About the result of Pong #1

lucasliunju · 2018-05-21T08:45:36Z

Dear ronsailer,
I'm very sorry to trouble you. First, thanks for your contribution, and I am running the code on Pong and can not get a better result. So I want to ask whether you do this experiment.
I'm looking forward to your reply.

ronsailer · 2018-05-21T16:04:24Z

Hi Lucas, I'm glad to see that someone is using this code! :)

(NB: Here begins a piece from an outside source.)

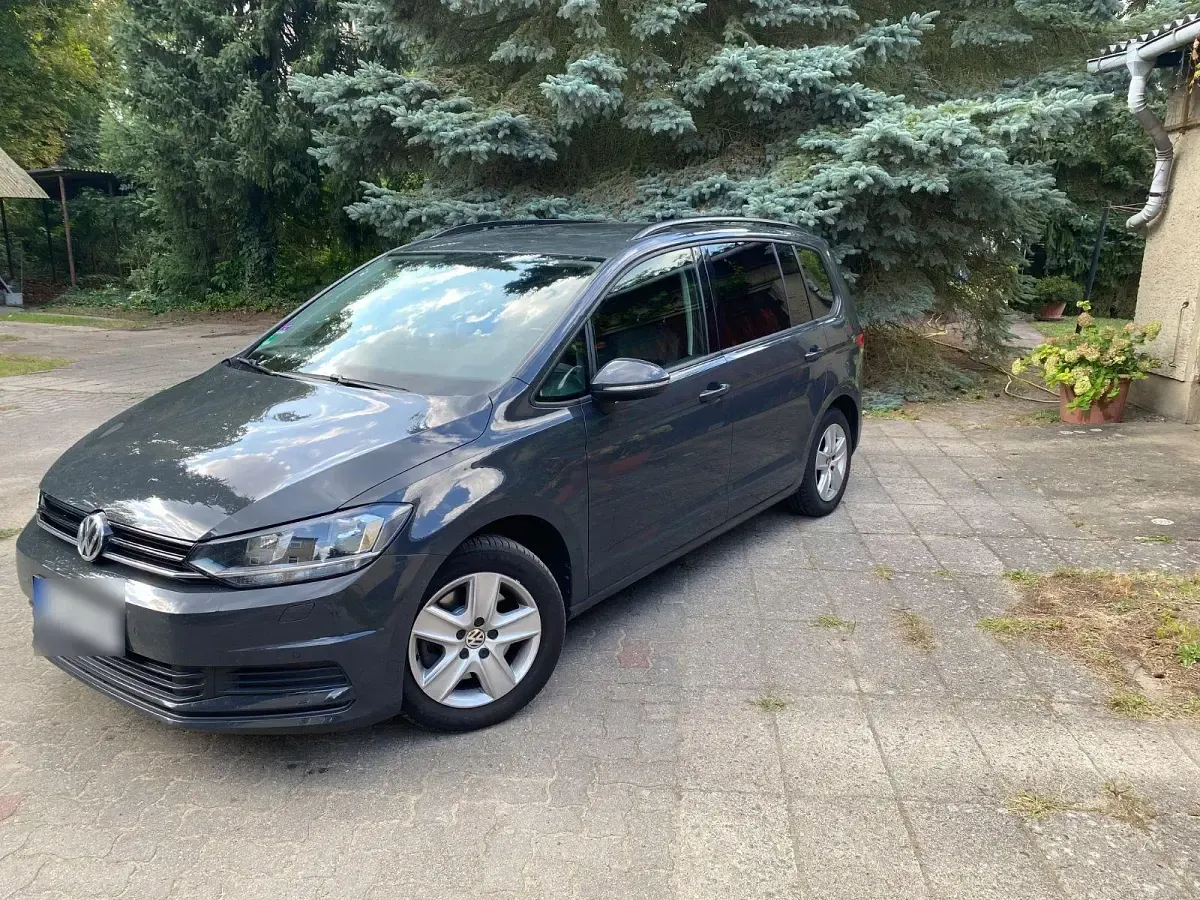 Gebraucht VW Touran Trendline 116 PS (85 kW) 2019 Grau Van / Kleinbus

You're very welcome. What do you mean you can't get a better result. Better than what?
Unfortunately I haven't run the Pong experiment. This code came standard with Breakout and I did not try to run it on Pong. The only code that I ran Pong on is this: https://github.com/ikostrikov/pytorch-a2c-ppo-acktr

I think that in order to get this code working on Pong you have to readjust the network hyperparameters like the input size but it sounds to me like you've already got it up and running.

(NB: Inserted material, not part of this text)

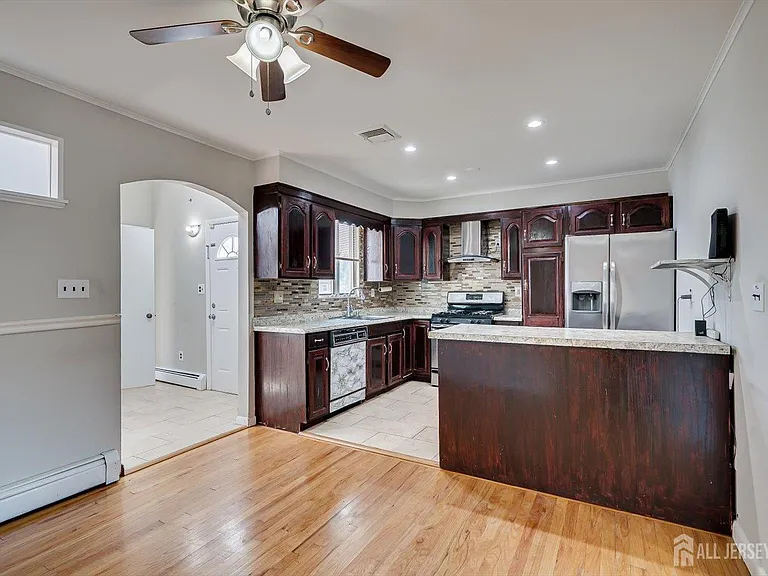 111 Sonora Ave — Photo 9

Just a heads-up: With the code as-is (as of yesterday), it will not run because I'm currently in the process of translating it from Theano to PyTorch and it's broken. It worked yesterday though before I started migrating it to PyTorch.

The original code can be found here: https://github.com/jeanharb/a2oc_delib but from my experience, it's outdated and can't immediately be executed after cloning it. You'll need to tinker a bit with the lasagne library and remove some stuff from there. I've written down the changes I had to do to get that code running:

Install the dependencies
Make sure that .theanorc has floatX=float32 configured
Lasagne is incompatible with the latest version of Theano. You need to manually edit it and change "from theano.tensor.signal import downsample" to "from theano.tensor.signal.pool import pool_2d" and then corresponding function calls, so instead of downsample.max_pool_2d you will now simply call pool_2d.

(Comment on the above: I'm not sure what I meant with it. If I meant Lasagne or Theano. I recall having to edit some import that was outdated in the Lasagne code)

Also, I'm currently "hard-coding" it to work on Gridworld (https://github.com/nadavbh12/gym-gridworld) which I've attached to this repo but I will eventually just add it to the requirements or properly include in the code, not the way it's currently being used. With "hard-coding" I mean things like the input size of the network, which, instead of using magic numbers, should be inferred from the environment that's being used (Pong, Breakout, Gridworld, etc.).

Best of luck,
Ron

lucasliunju · 2018-07-03T09:08:59Z

Dear ronsailer,
I'm very sorry to trouble you again. I'm running your code again. I found some error about "AttributeError: 'GridworldEnv' object has no attribute 'viewer'". So I want to ask whether the code is complete. I'm looking forward to your reply.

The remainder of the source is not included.